Produced by David Widger

THE BRONZE HAND
By Anna Katharine Green (Mrs. Charles Rohlfs)
Copyright, 1897, by Anna Katharine Green

I. THE FASCINATING UNKNOWN.
HER room was on the ground floor of the house we mutually inhabited,
and mine directly above it, so that my opportunities for seeing her were
limited to short glimpses of her auburn head as she leaned out of the
window to close her shutters at night or open them in the morning. Yet
our chance encounter in the hall or on the walk in front, had made so
deep an impression upon my sensibilities that I was never without the
vision of her pale face set off by the aureole of reddish brown hair,
which, since my first meeting with her, had become for me the symbol
of everything beautiful, incomprehensible and strange.
For my fellow-lodger was a mystery.
I am a busy man now, but just at the time of which I speak, I had
leisure in abundance.
I was sharing with many others the unrest of the perilous days
subsequent to the raid of John Brown at Harper's Ferry. Abraham
Lincoln had been elected President. Baltimore, where the incidents I
am relating transpired, had become the headquarters of men who
secretly leagued themselves in antagonism to the North.

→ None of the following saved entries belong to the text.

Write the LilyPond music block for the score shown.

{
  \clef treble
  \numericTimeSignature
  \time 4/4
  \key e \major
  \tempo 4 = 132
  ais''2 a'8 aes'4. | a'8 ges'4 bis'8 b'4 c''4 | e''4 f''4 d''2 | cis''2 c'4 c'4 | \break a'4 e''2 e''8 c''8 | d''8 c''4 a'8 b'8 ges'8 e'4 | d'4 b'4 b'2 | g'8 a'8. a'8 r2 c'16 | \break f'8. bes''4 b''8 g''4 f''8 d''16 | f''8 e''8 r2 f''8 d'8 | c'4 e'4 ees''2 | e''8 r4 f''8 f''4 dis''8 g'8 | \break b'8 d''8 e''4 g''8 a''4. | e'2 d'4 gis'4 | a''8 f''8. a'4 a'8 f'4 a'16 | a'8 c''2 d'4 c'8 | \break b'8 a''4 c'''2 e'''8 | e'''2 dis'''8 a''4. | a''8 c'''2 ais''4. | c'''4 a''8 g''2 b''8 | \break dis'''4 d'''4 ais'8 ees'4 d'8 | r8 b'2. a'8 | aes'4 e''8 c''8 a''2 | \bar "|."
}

Men and
women who felt that their Northern brethren had grievously wronged
them planned to undermine the stability of the government. The
schemes at this time were gigantic in their conception and far-reaching
in their scope and endless ramifications.

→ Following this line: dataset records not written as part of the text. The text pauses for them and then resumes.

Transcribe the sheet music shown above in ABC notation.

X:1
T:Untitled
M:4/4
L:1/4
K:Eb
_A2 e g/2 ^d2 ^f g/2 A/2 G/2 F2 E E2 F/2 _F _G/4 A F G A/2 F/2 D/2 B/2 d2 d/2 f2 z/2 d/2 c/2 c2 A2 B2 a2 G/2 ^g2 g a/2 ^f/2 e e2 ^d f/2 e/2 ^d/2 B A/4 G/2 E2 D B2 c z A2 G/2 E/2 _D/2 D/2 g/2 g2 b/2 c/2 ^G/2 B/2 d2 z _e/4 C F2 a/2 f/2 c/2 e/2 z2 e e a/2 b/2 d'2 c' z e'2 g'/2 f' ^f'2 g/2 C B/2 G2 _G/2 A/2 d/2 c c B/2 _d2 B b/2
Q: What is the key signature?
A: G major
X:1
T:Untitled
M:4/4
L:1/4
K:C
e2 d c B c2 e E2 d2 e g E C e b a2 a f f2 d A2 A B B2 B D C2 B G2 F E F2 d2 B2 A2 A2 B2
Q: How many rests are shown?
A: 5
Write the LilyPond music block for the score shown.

Naturally under these conditions, a consciousness of ever-present
danger haunted every thinking mind. The candor of the outspoken was
regarded with doubt, and the reticence of the more cautious, with
distrust. It was a trying time for sensitive, impressionable natures with
nothing to do. Perhaps all this may account for the persistency with
which I sat in my open window. I was thus sitting one night--a
memorable one to me--when I heard a sharp exclamation from below,
in a voice I had long listened for.
Any utterance from those lips would have attracted my attention; but,
filled as this was with marked, if not extraordinary, emotion, I could

not fail to be roused to a corresponding degree of curiosity and interest.

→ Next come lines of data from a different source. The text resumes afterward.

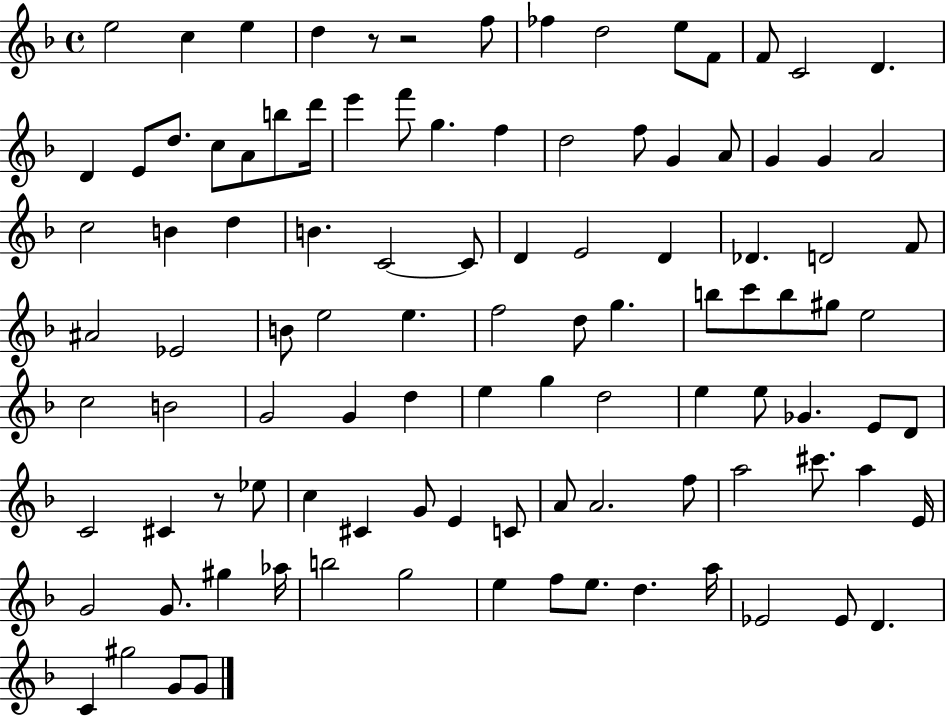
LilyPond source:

{
  \clef treble
  \time 4/4
  \defaultTimeSignature
  \key f \major
  \repeat volta 2 { e''2 c''4 e''4 | d''4 r8 r2 f''8 | fes''4 d''2 e''8 f'8 | f'8 c'2 d'4. | \break d'4 e'8 d''8. c''8 a'8 b''8 d'''16 | e'''4 f'''8 g''4. f''4 | d''2 f''8 g'4 a'8 | g'4 g'4 a'2 | \break c''2 b'4 d''4 | b'4. c'2~~ c'8 | d'4 e'2 d'4 | des'4. d'2 f'8 | \break ais'2 ees'2 | b'8 e''2 e''4. | f''2 d''8 g''4. | b''8 c'''8 b''8 gis''8 e''2 | \break c''2 b'2 | g'2 g'4 d''4 | e''4 g''4 d''2 | e''4 e''8 ges'4. e'8 d'8 | \break c'2 cis'4 r8 ees''8 | c''4 cis'4 g'8 e'4 c'8 | a'8 a'2. f''8 | a''2 cis'''8. a''4 e'16 | \break g'2 g'8. gis''4 aes''16 | b''2 g''2 | e''4 f''8 e''8. d''4. a''16 | ees'2 ees'8 d'4. | \break c'4 gis''2 g'8 g'8 | } \bar "|."
}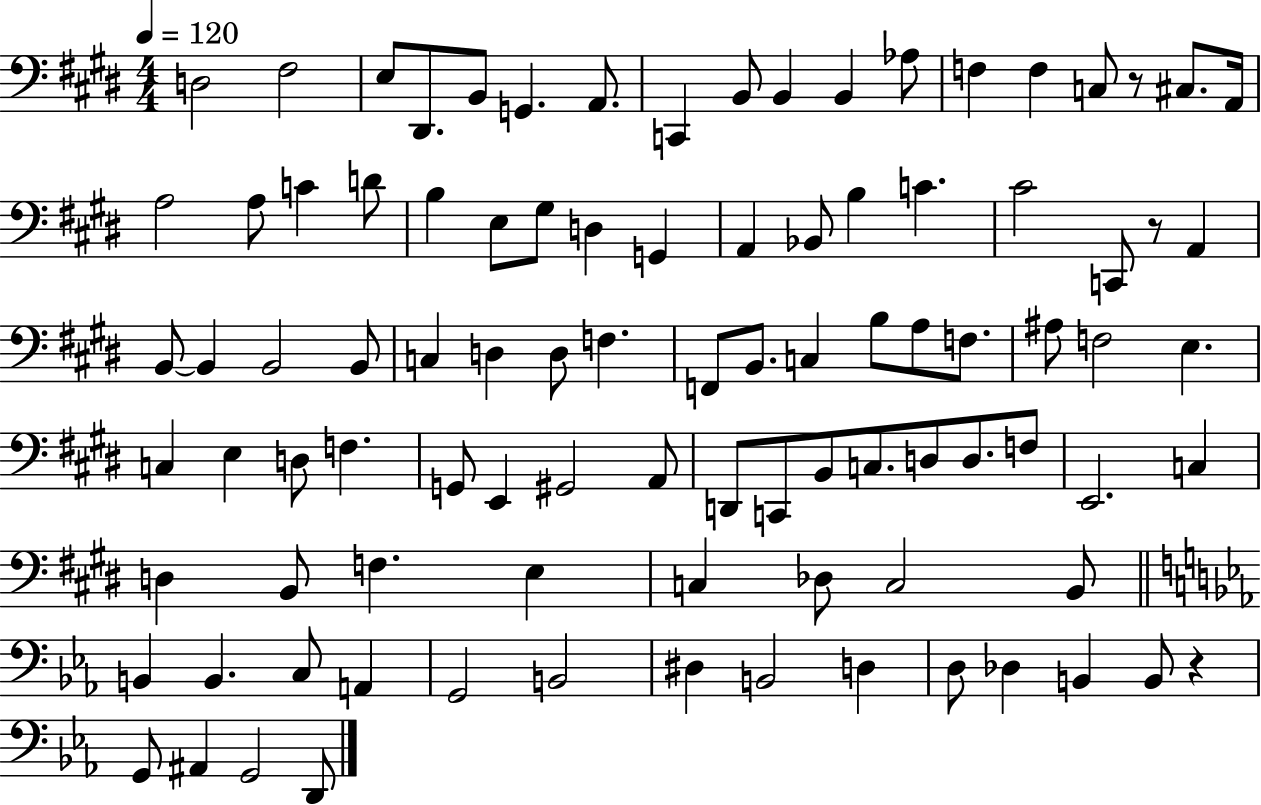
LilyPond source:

{
  \clef bass
  \numericTimeSignature
  \time 4/4
  \key e \major
  \tempo 4 = 120
  d2 fis2 | e8 dis,8. b,8 g,4. a,8. | c,4 b,8 b,4 b,4 aes8 | f4 f4 c8 r8 cis8. a,16 | \break a2 a8 c'4 d'8 | b4 e8 gis8 d4 g,4 | a,4 bes,8 b4 c'4. | cis'2 c,8 r8 a,4 | \break b,8~~ b,4 b,2 b,8 | c4 d4 d8 f4. | f,8 b,8. c4 b8 a8 f8. | ais8 f2 e4. | \break c4 e4 d8 f4. | g,8 e,4 gis,2 a,8 | d,8 c,8 b,8 c8. d8 d8. f8 | e,2. c4 | \break d4 b,8 f4. e4 | c4 des8 c2 b,8 | \bar "||" \break \key c \minor b,4 b,4. c8 a,4 | g,2 b,2 | dis4 b,2 d4 | d8 des4 b,4 b,8 r4 | \break g,8 ais,4 g,2 d,8 | \bar "|."
}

Thrusting out my head, I cast a rapid glance downward. A shutter
swinging in the wind, and the escaping figure of a man hurrying round
the corner of the street, were all that rewarded my scrutiny; though,
from the stream of light issuing from the casement beneath, I perceived
that her window, like my own, was wide open.
As I continued to watch this light, I saw her thrust out her head with an
eagerness indicative of great excitement. Peering to right and left, she
murmured some suppressed words mixed with gasps of such strong
feeling that I involuntarily called out:
"Excuse me, madam, have you been frightened in any way by the man I
saw running away from here a moment ago?"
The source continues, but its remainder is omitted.